#### Task requirements
Quote these lines exactly: the one that holds "(dn)P(gun)ړ(dn)(qun)ķ" and every line after it to the end of the material below. Skip pictures.

#### Material shown
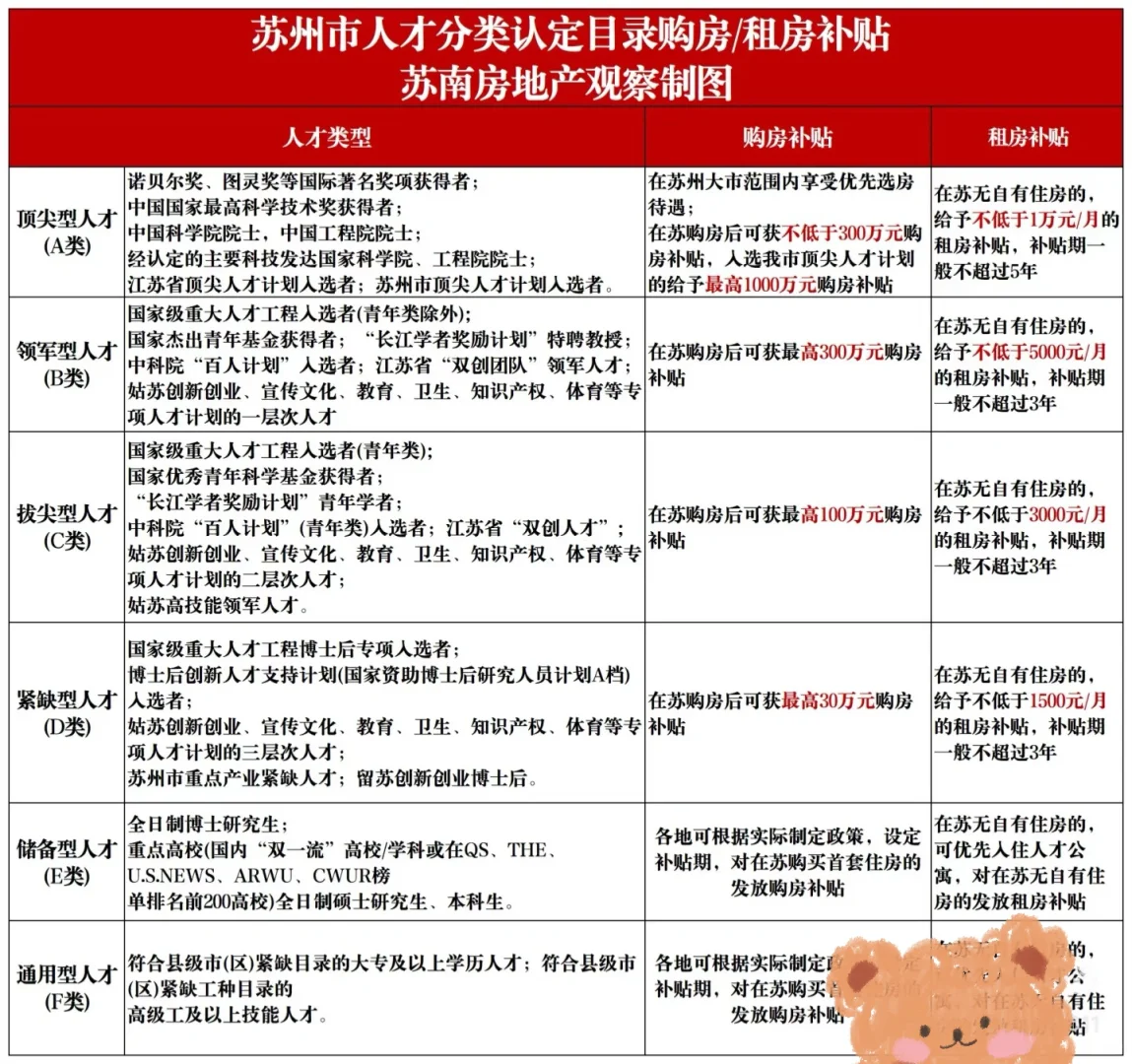 好了，帮问了，海博后专项，苏州购房补贴没有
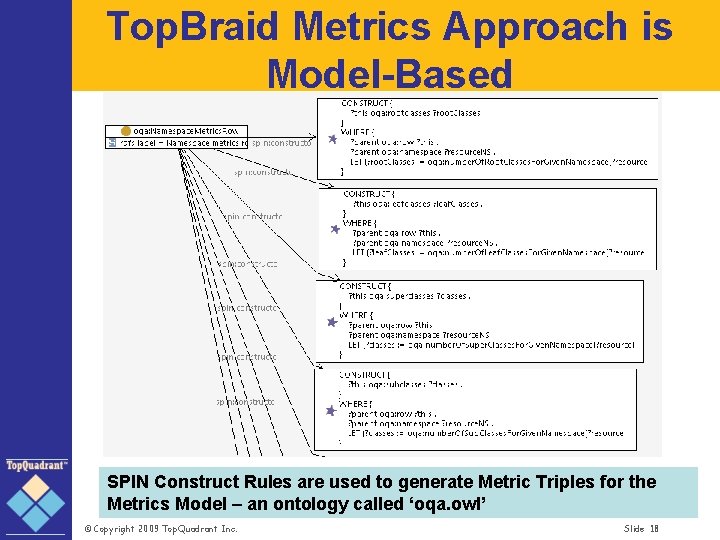 Top. Braid Metrics Approach is Model-Based SPIN Construct Rules are used to generate Metric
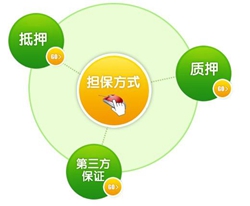 (dn)P(gun)ړ(dn)(qun)ķ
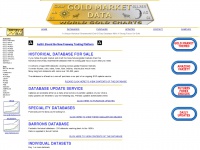 Goldmarketdata.com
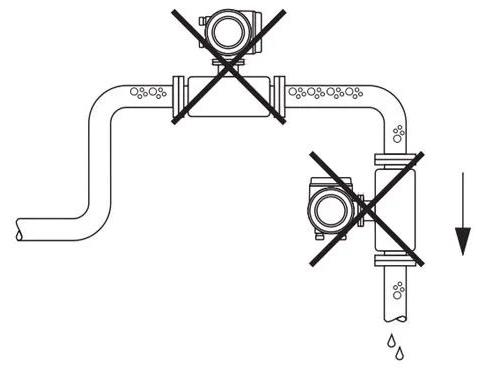 E+H科里奧利質量流量計安裝位置 E+H科里奧利質量流量計安裝位置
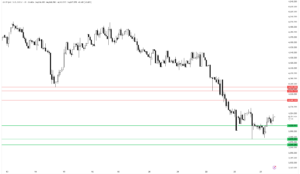 Gold price forecast showing XAU/USD support and resistance levels on the 4-hour chart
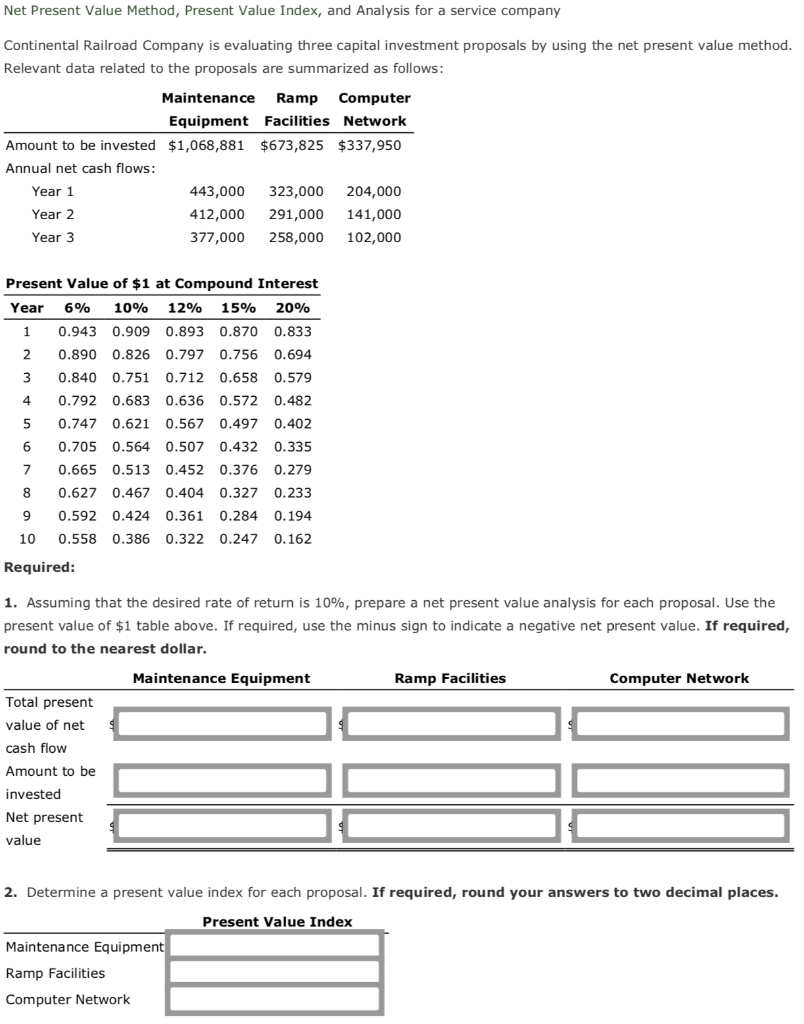 Net Present Value Method, Present Value Index, and Analysis for a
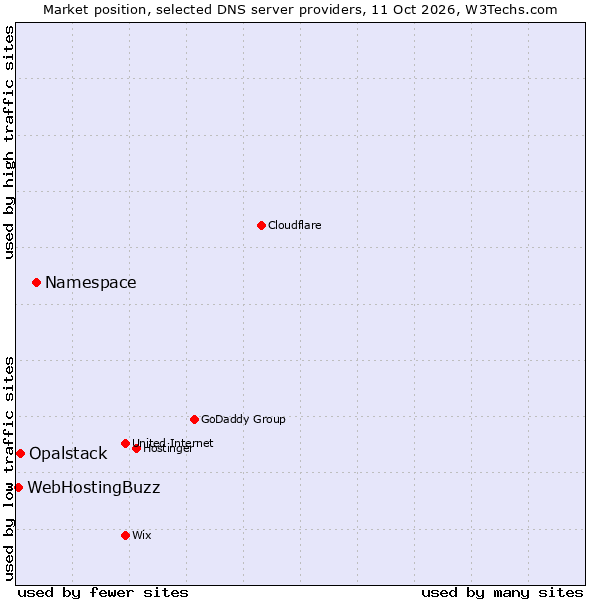 Market position of Namespace vs. Opalstack vs. WebHostingBuzz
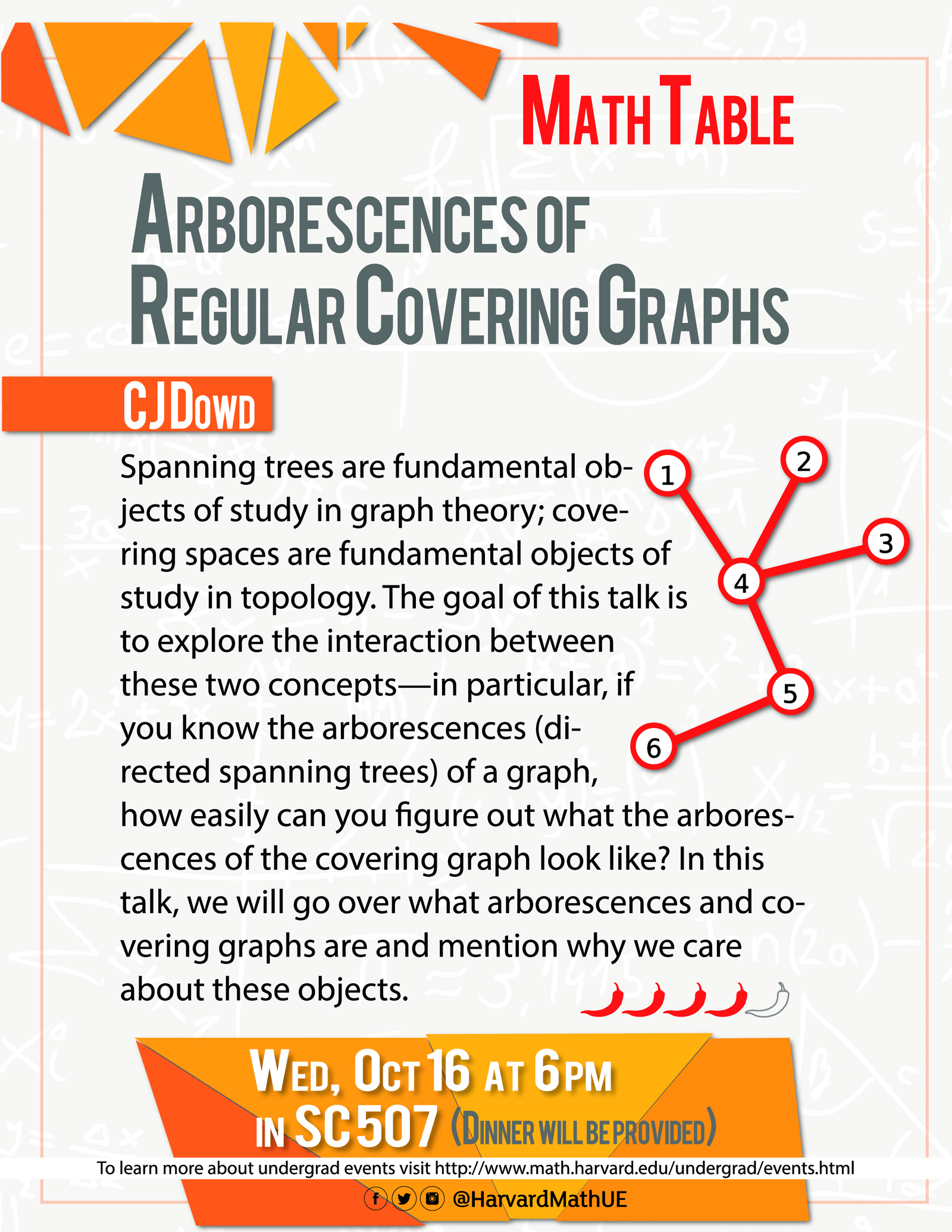 Harvard Mathematics Department ONS talk October 16, 2019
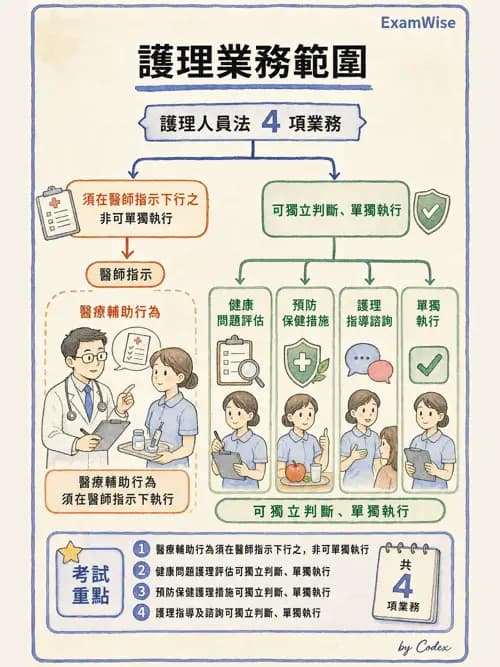 麻醉專護 - 護理及專科護理相關法規 - AI 圖文解析預覽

#### Exercise result
 (dn)P(gun)ړ(dn)(qun)ķ
 Goldmarketdata.com
 E+H科里奧利質量流量計安裝位置 E+H科里奧利質量流量計安裝位置
 Gold price forecast showing XAU/USD support and resistance levels on the 4-hour chart
 Net Present Value Method, Present Value Index, and Analysis for a
 Market position of Namespace vs. Opalstack vs. WebHostingBuzz
 Harvard Mathematics Department ONS talk October 16, 2019
 麻醉專護 - 護理及專科護理相關法規 - AI 圖文解析預覽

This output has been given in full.